A striking irony in the saga of the Lancaster County Convention Center and Marriott Hotel is that, in mostly Republican ‘less government’ Lancaster County, the “private-public” downtown project has been paid for almost entirely with taxpayer money and guarantees.

Until the School Board of Lancaster voted down Penn Square Partners’ tax abatement proposal in March of 2005, literally every governmental body that came into contact with this project – at the city, county, and state levels – bowed to the demands of Penn Square Partners, the private hotel investors.

And each time the project grew in size, or scope, or cost, the project’s sponsors, Republicans plus Democrat Assemblyman Mike Sturla, sunk their hands further into the pockets of the common Pennsylvania taxpayer. The “private” partners’ windfall from “the government” has been on the scale of many tens of millions of dollars.

The melodramatic (and phony) resurrection of the project, announced the day after Easter, 2005, relied on the transfer of title ownership of the former Watt & Shand Building from Penn Square Partners (PSP) to the city of Lancaster, through one of its agencies, the Redevelopment Authority of the City of Lancaster (RACL).

The move, touted as something of an ‘end-run’ against the county commissioners’ challenges and a recalcitrant school board, called for RACL to purchase the building from Penn Square Partners for $6.8 million. The Partners originally bought the building for $1.25 million in 1998.  The difference in prices allegedly reflected the costs incurred to date by PSP.

The sale to RACL would remove the building from the property tax rolls, an even better deal for PSP than the school district TIF plan, which would have only abated property taxes for 20 years.  Furthermore, the partners who had offered $200,000 annually in payments in lieu of taxes to the school district was now out from under the obligation.

With city ownership of the building, RACL would now apply for state loans or bonds on two issues of $24 million and $12 million, totaling $36 million.

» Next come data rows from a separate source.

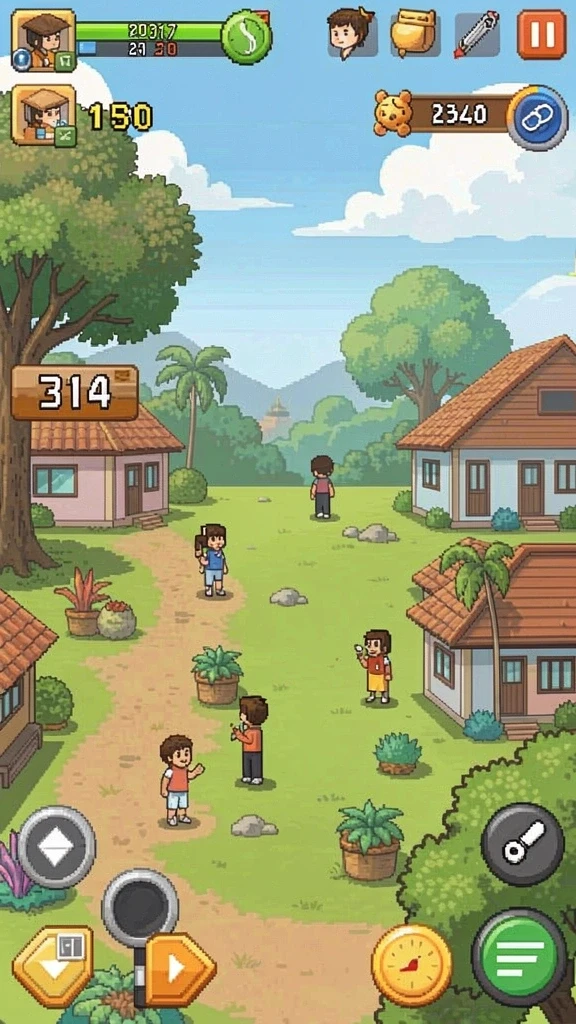 Mode multiplayer yang memungkinkan bermain dengan teman.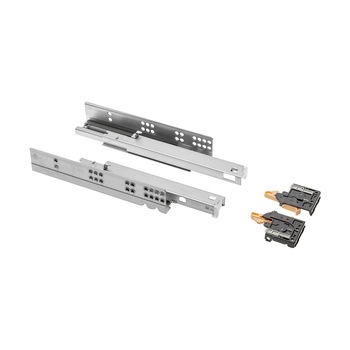Glisiera tip Tandem sub sertar 500mm cu amortizare si extragere totala Glisiera tip Tandem sub sertar 500mm cu amortizare si extragere totala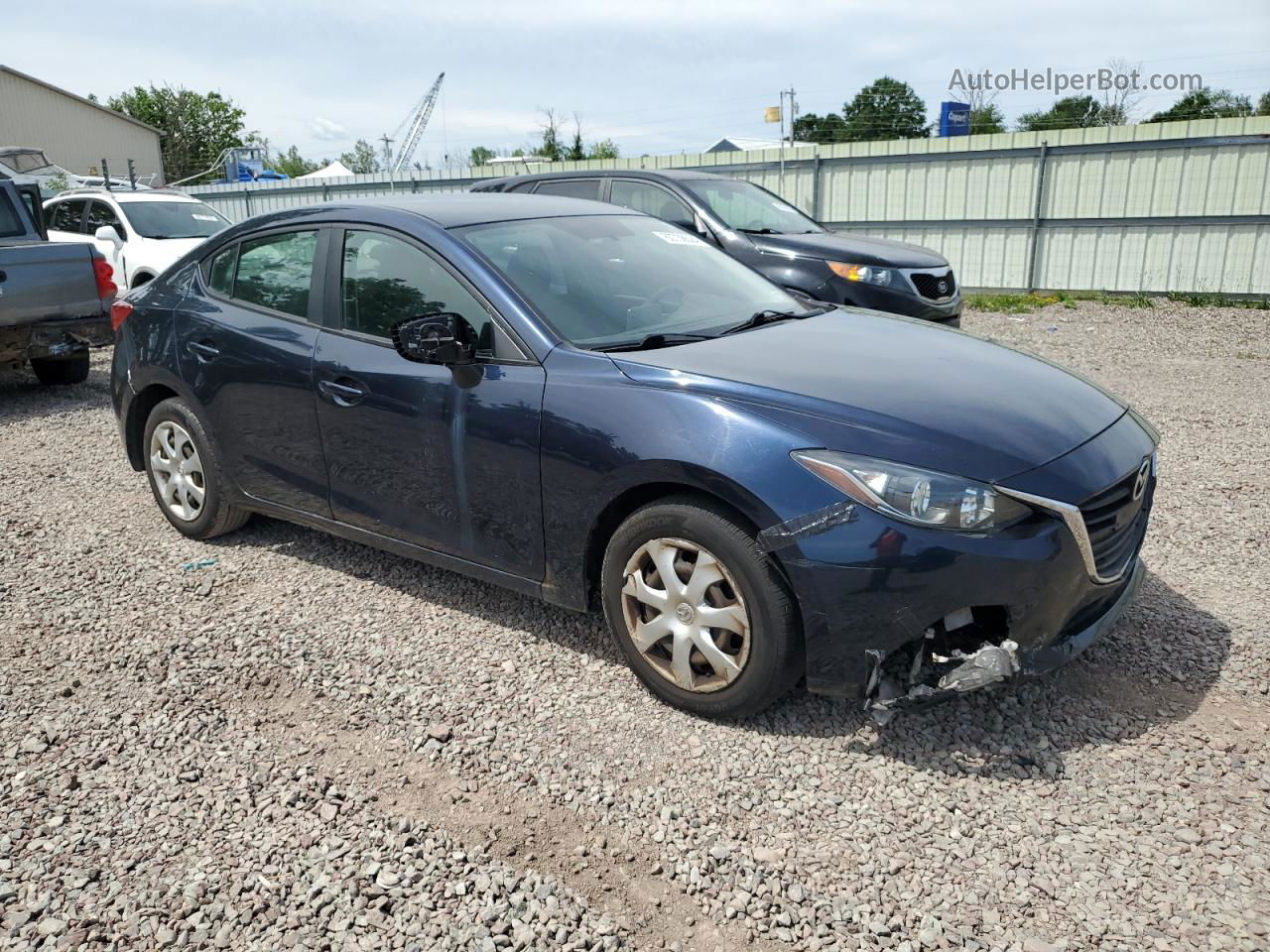 2016 Mazda 3 Sport Blue vin: 3MZBM1T74GM321975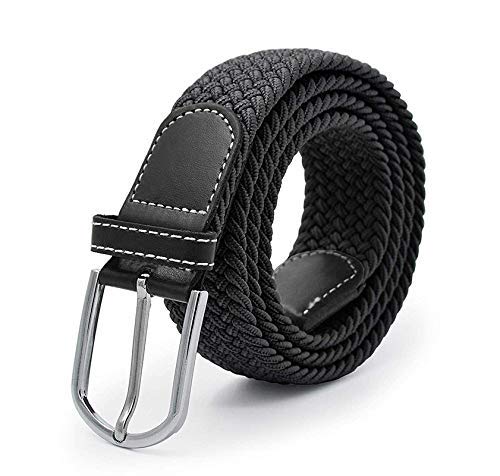 Stretchable Braided Cotton Belt for Women, Men,Ladies Belt,Black color Free Size Fit on Upto 34inch Waist (Stretchable Belt-RN218)-image-11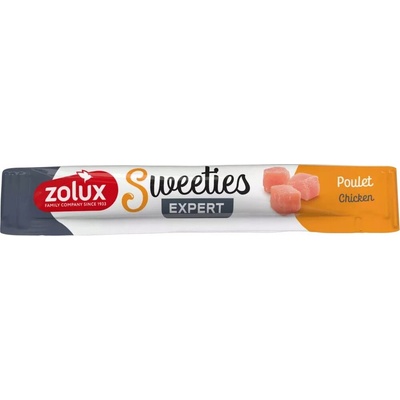 Zolux krémová pochúťka pre psa Sweetties kuracia 14 g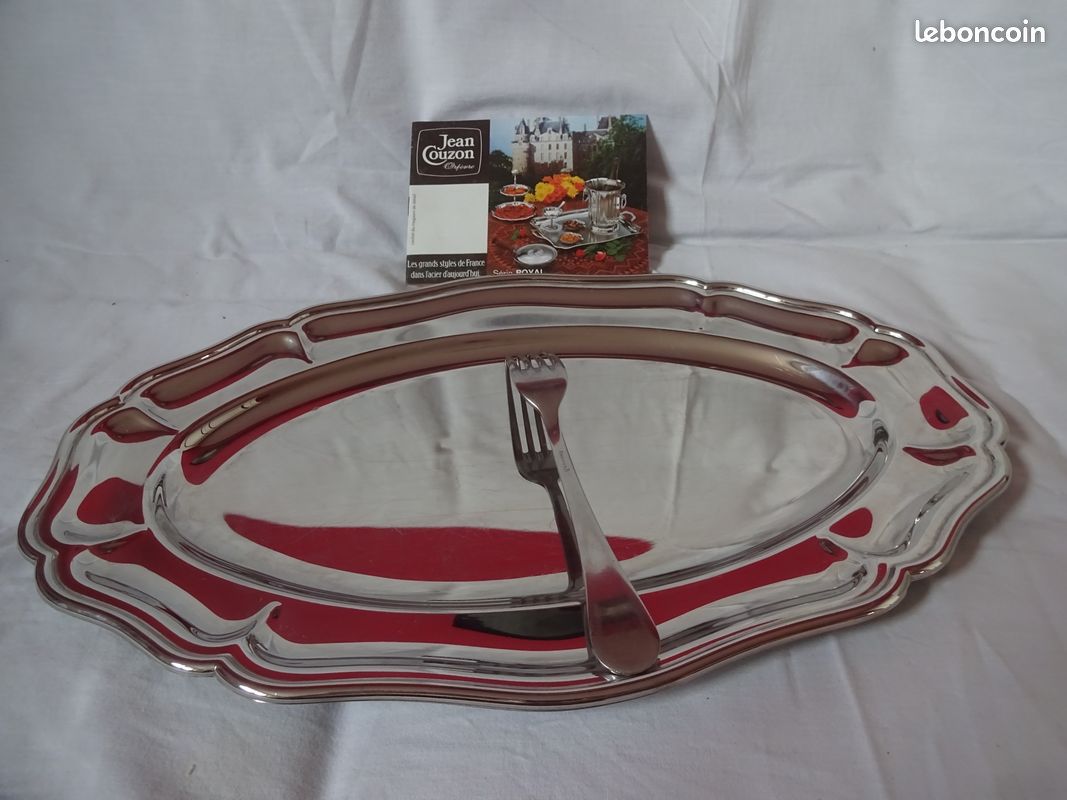 Grand plat ovale INOX Jean Couzon - Arts de la table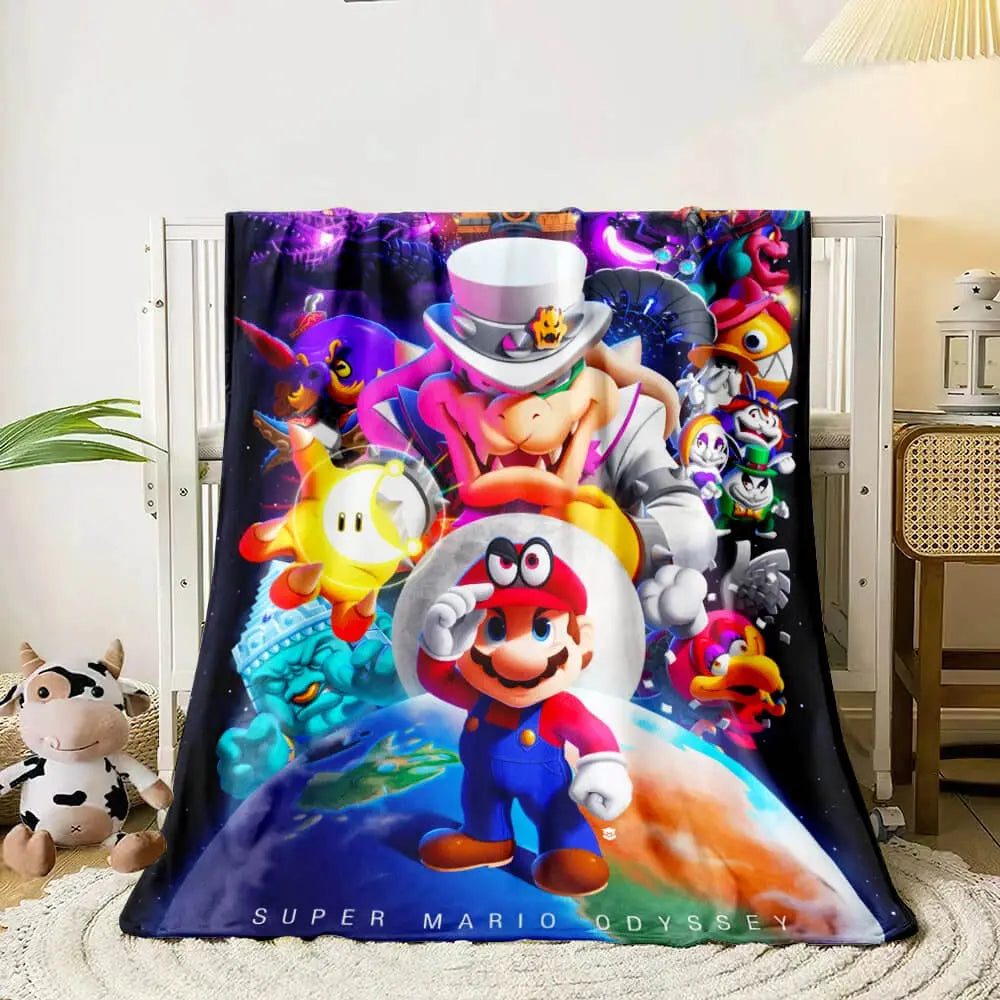 Super Mario Kids Throw Blanket Zirconic
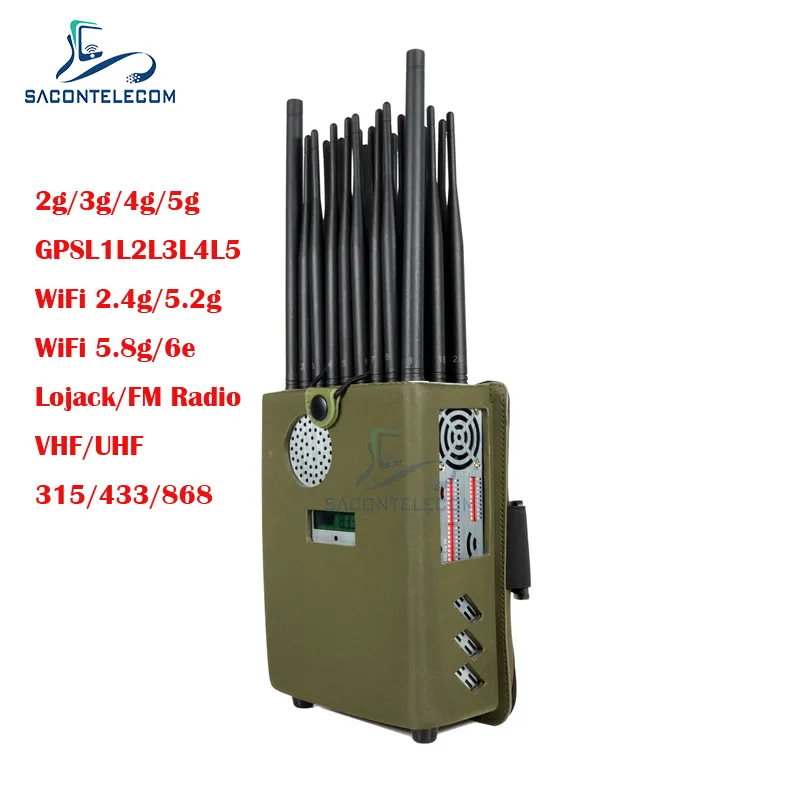 Wifi 6e Gpsl1 L2 L3 L4 L5 FM Radio VHF UHF Lojack Frequency Detector 28 Channels 27 Antennas 2g 3g 4g 5g Wifi 2.4g 5.2g 5.8g 28w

The bonds for the $12 million issue would be funneled through the Department of Community and Economic Development under the Infrastructure and Facilities Improvement Program (IFIP), ratified in 1990. The IFIP was intended as a state financial assistance program in which the Pennsylvania Department of Community and Economic Development (“DCED”) provides multi-year grants to eligible applicants. Grant recipients through this program sell bonds to finance qualifying “infrastructure and facilities” expenses, and then uses grant funds from DCED to pay debt service on the IFIP bonds.

The IFIP statute was altered in July, 2004, with the amendment commonly known as ‘Act 23.’

The principal author of the Act 23 amendment [12 Pa.C.S. §3406(b)(11)] was Sen. David Brightbill, a Lancaster County Republican.  Brightbill’s amendment added language allowing “convention centers” and “hotel establishments” to fall within the IFIP funding guidelines. (Brightbill went to work for the Stevens & Lee law firm, counsel for the Convention Center Authority, after leaving the legislature in 2007. Sen. Gibson Armstrong was also a co-sponsor of Act 23.)

Through the program, and under Act 23, RACL planned to apply for one bond for $12 million – to be serviced by anticipated annual state grants predicated upon projected tax collections by the state generated directly and indirectly by the project over a 20-year period. Then RACL was to apply for a second bond of $24 million from conventional sources.

The new arrangements meant Penn Square Partners would be reimbursing RACL for debt service payments on the $24 million conventional bond and pay no property taxes for 20 years. After 20 years, the Partners had the option of buying the hotel for a small fraction ($2.5 million) of the property’s likely appraised value at that time.

If the partners couldn’t make the debt payments on the $24 million bond issue, the city of Lancaster was responsible for making the payments. The City also agreed to waive all applicable fees, including for building permits.   The fee waivers would exceed a million dollars.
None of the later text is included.